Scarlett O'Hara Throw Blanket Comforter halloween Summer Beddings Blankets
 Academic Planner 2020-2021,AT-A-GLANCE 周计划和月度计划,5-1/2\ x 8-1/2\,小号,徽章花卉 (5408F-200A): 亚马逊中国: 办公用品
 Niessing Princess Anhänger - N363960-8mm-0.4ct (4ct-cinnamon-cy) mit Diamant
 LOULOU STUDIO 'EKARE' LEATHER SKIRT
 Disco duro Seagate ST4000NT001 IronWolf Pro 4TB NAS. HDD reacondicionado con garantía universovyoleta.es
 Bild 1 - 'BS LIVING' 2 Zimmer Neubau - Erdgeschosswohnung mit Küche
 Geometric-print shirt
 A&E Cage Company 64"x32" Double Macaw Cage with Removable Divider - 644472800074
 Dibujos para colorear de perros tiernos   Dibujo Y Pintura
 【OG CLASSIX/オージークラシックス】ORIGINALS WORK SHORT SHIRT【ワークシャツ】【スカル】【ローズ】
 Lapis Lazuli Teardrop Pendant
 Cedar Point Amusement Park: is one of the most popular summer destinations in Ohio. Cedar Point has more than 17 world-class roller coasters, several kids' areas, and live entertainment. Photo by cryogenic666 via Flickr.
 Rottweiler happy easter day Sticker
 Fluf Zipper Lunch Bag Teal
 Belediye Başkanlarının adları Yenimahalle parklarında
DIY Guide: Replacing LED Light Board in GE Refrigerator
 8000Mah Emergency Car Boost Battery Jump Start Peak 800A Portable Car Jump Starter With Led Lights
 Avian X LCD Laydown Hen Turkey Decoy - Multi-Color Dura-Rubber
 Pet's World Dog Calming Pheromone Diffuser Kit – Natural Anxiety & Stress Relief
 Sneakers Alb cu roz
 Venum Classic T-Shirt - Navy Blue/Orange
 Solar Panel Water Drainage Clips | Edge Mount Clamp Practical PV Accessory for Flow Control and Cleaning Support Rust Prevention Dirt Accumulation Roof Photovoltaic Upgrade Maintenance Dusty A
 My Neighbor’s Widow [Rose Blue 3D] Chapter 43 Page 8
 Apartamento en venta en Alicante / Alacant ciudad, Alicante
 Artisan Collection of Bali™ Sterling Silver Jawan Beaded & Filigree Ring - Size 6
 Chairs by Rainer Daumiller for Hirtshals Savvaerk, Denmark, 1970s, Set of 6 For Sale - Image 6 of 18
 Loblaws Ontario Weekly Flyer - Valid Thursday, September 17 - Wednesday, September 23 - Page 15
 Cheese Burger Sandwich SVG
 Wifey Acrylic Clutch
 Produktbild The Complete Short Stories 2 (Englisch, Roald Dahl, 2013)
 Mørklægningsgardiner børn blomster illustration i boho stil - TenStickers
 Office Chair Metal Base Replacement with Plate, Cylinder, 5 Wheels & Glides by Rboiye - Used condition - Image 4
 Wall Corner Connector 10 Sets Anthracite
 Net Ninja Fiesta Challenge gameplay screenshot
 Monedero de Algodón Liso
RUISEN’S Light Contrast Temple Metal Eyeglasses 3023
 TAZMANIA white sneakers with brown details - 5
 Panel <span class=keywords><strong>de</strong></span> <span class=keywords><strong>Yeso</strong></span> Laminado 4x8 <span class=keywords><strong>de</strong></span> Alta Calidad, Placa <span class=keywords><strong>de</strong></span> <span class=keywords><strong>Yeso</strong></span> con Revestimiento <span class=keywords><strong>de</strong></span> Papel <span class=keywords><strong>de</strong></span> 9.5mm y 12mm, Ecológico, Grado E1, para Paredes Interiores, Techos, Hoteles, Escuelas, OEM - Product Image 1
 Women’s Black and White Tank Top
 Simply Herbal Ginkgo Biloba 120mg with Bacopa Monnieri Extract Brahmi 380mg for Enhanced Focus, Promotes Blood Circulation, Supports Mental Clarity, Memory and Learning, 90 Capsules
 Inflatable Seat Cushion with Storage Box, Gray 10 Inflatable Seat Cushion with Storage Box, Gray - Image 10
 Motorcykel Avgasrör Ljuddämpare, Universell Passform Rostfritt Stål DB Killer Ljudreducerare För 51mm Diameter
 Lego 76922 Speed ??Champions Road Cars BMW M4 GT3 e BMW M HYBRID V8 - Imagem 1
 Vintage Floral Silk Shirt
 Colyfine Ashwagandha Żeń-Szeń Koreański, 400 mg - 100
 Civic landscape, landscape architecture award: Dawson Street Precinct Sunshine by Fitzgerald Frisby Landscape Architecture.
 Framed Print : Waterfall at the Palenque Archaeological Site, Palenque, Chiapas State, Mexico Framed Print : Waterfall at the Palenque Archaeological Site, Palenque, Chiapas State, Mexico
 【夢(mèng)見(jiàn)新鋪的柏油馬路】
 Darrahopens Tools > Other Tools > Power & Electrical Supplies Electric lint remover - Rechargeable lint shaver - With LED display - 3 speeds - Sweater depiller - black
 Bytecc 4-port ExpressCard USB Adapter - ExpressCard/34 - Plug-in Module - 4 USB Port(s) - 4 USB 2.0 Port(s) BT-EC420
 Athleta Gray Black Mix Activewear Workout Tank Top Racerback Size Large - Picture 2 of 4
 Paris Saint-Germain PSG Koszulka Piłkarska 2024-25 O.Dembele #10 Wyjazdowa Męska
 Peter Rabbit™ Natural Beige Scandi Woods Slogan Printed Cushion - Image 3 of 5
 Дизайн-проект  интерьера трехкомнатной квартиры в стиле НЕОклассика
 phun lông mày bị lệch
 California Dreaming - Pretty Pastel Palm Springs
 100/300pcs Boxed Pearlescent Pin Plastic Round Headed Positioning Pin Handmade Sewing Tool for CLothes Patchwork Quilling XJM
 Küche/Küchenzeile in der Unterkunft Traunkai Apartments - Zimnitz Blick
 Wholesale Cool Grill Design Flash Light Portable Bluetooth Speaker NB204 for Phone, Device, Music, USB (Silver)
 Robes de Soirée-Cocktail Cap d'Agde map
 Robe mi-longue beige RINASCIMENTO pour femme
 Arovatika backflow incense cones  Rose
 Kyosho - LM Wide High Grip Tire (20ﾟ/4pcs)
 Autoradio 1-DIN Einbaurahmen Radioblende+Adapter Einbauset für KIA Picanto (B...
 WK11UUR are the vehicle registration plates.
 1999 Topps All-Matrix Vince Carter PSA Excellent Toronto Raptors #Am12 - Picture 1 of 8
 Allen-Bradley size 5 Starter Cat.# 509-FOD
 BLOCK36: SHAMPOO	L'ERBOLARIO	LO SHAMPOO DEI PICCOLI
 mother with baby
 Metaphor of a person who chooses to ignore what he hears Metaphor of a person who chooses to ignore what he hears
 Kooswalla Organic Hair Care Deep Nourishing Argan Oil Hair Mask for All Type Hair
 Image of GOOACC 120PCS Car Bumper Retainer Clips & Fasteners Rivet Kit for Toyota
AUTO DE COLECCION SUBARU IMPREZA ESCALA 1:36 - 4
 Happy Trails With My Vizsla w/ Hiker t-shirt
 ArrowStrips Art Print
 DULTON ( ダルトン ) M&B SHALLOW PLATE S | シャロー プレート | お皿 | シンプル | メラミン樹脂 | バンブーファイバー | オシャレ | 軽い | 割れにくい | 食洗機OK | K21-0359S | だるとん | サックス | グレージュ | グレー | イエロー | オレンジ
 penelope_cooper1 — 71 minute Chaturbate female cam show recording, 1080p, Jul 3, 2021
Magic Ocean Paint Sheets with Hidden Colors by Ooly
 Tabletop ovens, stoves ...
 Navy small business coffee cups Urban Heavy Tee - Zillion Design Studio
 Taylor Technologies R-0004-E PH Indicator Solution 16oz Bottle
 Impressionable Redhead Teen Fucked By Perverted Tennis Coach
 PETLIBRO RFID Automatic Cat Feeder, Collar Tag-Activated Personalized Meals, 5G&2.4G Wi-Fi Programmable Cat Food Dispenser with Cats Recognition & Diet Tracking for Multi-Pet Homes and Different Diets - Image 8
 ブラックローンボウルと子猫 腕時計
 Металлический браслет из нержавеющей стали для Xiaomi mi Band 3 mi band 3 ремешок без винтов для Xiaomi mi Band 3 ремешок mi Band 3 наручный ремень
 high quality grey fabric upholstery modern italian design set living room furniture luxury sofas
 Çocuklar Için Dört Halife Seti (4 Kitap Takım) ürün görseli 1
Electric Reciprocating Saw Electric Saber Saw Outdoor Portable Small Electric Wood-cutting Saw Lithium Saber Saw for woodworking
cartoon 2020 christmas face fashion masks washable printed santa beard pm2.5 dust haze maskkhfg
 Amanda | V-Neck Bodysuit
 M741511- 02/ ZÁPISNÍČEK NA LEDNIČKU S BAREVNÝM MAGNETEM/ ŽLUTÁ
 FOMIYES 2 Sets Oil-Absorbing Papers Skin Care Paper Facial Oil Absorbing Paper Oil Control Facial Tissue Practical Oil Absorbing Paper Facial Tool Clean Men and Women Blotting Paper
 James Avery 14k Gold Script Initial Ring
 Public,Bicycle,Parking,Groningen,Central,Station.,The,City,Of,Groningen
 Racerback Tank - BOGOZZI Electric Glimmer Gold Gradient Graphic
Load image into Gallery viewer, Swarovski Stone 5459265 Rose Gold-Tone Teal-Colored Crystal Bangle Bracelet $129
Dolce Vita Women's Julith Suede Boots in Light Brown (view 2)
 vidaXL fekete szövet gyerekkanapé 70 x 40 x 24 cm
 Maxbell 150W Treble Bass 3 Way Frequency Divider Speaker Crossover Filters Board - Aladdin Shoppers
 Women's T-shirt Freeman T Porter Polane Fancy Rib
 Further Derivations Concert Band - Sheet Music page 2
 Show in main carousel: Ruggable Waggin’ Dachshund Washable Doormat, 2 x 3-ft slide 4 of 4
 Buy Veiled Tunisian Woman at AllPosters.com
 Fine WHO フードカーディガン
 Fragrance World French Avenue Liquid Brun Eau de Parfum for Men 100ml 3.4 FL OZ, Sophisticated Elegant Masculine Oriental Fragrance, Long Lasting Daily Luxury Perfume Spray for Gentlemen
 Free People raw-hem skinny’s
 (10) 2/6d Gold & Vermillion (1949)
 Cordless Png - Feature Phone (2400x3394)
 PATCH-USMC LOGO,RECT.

____

→ EXERCISE DETAILS
Restate exactly the records above from their first line through the line that holds "LOULOU STUDIO 'EKARE' LEATHER SKIRT", please, including both and leaving out all others.

→ COMPLETED TASK
Scarlett O'Hara Throw Blanket Comforter halloween Summer Beddings Blankets
 Academic Planner 2020-2021,AT-A-GLANCE 周计划和月度计划,5-1/2\ x 8-1/2\,小号,徽章花卉 (5408F-200A): 亚马逊中国: 办公用品
 Niessing Princess Anhänger - N363960-8mm-0.4ct (4ct-cinnamon-cy) mit Diamant
 LOULOU STUDIO 'EKARE' LEATHER SKIRT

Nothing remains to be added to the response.